Aidan was going to ask him to consult, officially, but after the game today. Unsurprisingly, the hacker couldn’t wait. Aidan took another sip of coffee, then began peeling back the foil around his burrito. “What’ve you got?”

“Izzy,” he said, nudging the blue folder. “Angel,” the green one. “Cortez Family.” Yellow. “White.” Orange. “Parsons.” Red. “We don’t have a printer, obviously, and I wasn’t going to trust the hotel one, so it’s mostly just prelim work for you to follow up on.”

“You didn’t have to?—”

“I’m going to be tied up most of today with media, practice, the game, then media again. I needed to do something to help.” He pitched his cup in the trash can and began moving around the room, changing out of his sweats and into a suit as he talked. “Each of the folders corresponds to a file I set up on our private server. Sticky notes correspond. Everything I couldn’t print out.”

Aidan slid onto the couch and drew the folders closer, unsure where to start. “Highlights?”

“If you don’t strangle Izzy’s family, I might.”

He pulled the yellow folder closer. “Angel said they cut them off. Right about the time I stopped checking on them.”

“I don’t think it had anything to do with you.” He strode back across the room and handed Aidan his phone. “Just a sample of his uncle’s browser history then.”

Aidan didn’t need to click on the links to know where they led. The names were enough. Right-wing news outlets and podcasts. Homophobic and transphobic talking heads. Evangelical interest groups and mega churches. A fucking conversion camp.

“Fuck.” Aidan propped his elbows on the table and scrubbed his hands over his face. “He said you were hot.” A throwaway comment yesterday that Aidan hadn’t thought the least bit out of the norm, all of his family accepting, most of his friends queer, but his family, blood and found, were the exception.

“I think Izzy cut them off to protect herself and her son.” Jamie pushed the blue folder in front of him before turning and continuing to put himself together for the day. “She’s doing okay. Works too much but she’s never missed a rent payment, has a good credit score, pays for Angel’s private school, and is actually starting to save, probably for Angel’s college.”

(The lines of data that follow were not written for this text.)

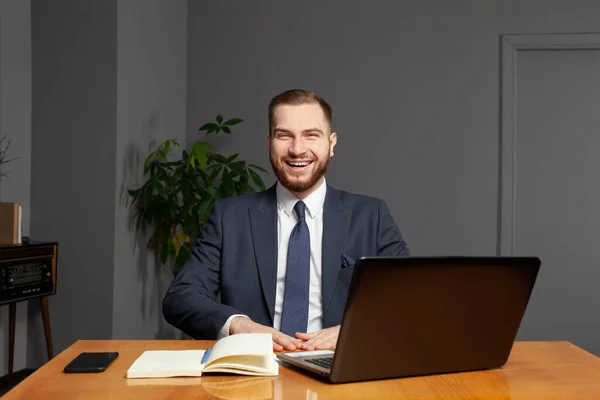 Portret Van Een Jonge Lachende Vrolijke Zakenman Het Kantoor Die — Stockfoto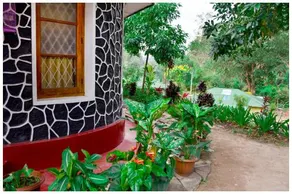 NR Sanduni Holiday Bungalow - Image 3
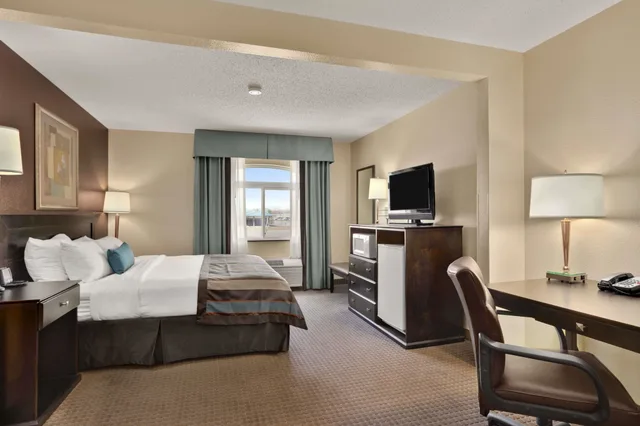 غرفة بسرير كينج بحوض استحمام لذوي الإعاقة، Wingate by Wyndham Pueblo 1/4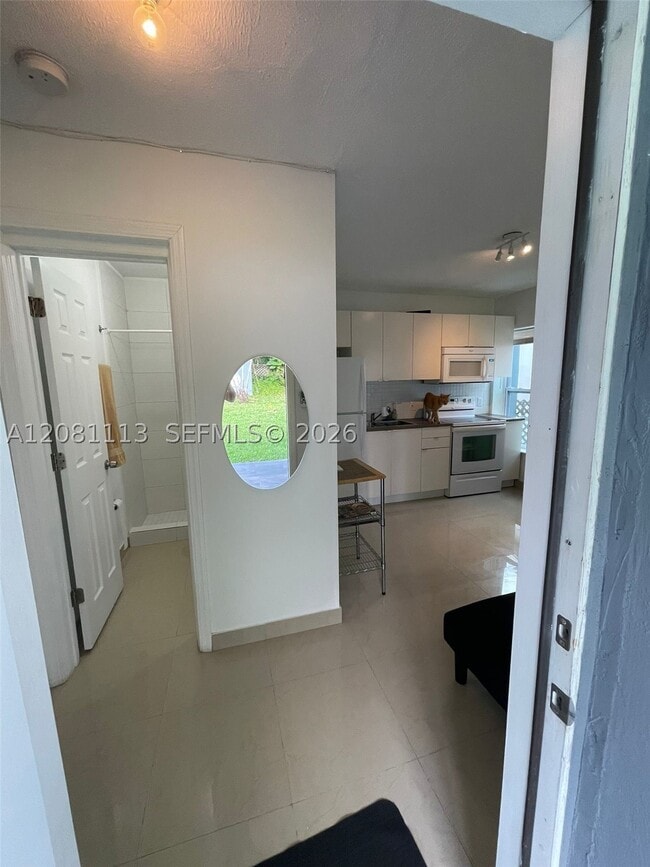 Photo - 2463 NE 183rd St Unit 2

“He’s got the grades for it?”

“In science and math. Never makes less than an A.”

Aidan reached for the green folder, reading over the lines of grades on a stray sheet of legal paper, nothing less than a B- anywhere in the rows.

“Got that from his godfathers, apparently.”

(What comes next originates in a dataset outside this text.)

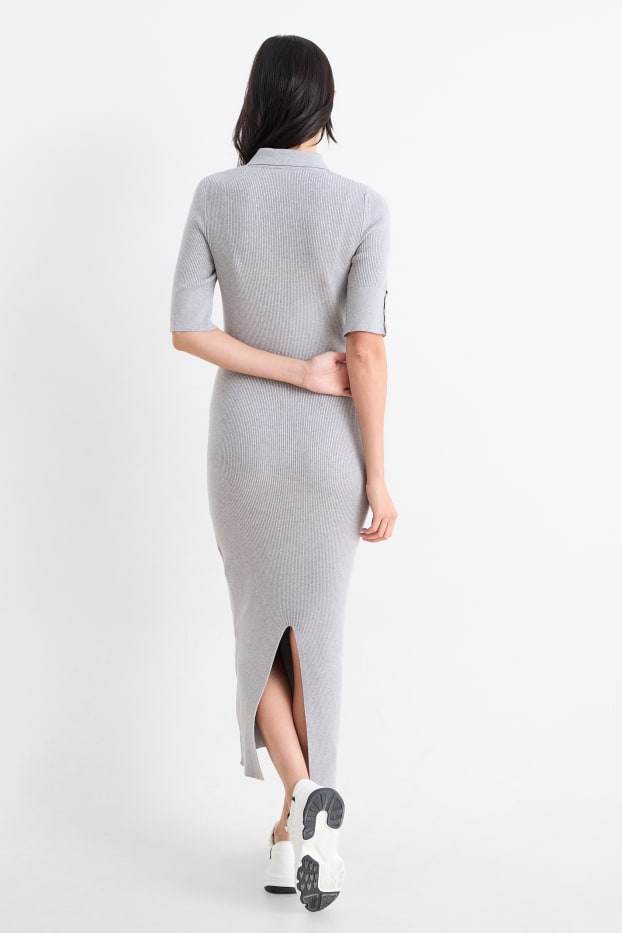 Femmes - Robe-polo de maille - gris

Smiling, Aidan shook his head. “Not only. His mom too. Izzy was the only reason I passed geometry.” He riffled through the other sheets of paper and notes. He didn’t see White’s or Parsons’s names anywhere, nor the names of any other criminal figures or groups Aidan knew to be associated with cargo theft. “How’d he get tangled up ferrying stolen cargo?”

“That’s what I couldn’t sort.” He swung by to reclaim his phone and pushed the orange and red folders forward. “Angel’s got no connection to White or Parsons that I found on first search.”

“What about the prior larceny? Angel said he’d been in gen pop before.”

Jamie winced, and Aidan knew he wasn’t going to like the answer. “He tried to shoplift his mom’s wedding ring from the pawn shop she sold it to.”

His stomach tumbled the egg, sausage, and coffee in it. “Fuck. Fuck!” He moved to scrub his hands over his face again, but Jamie stopped him, fingers wrapping gently around his wrists.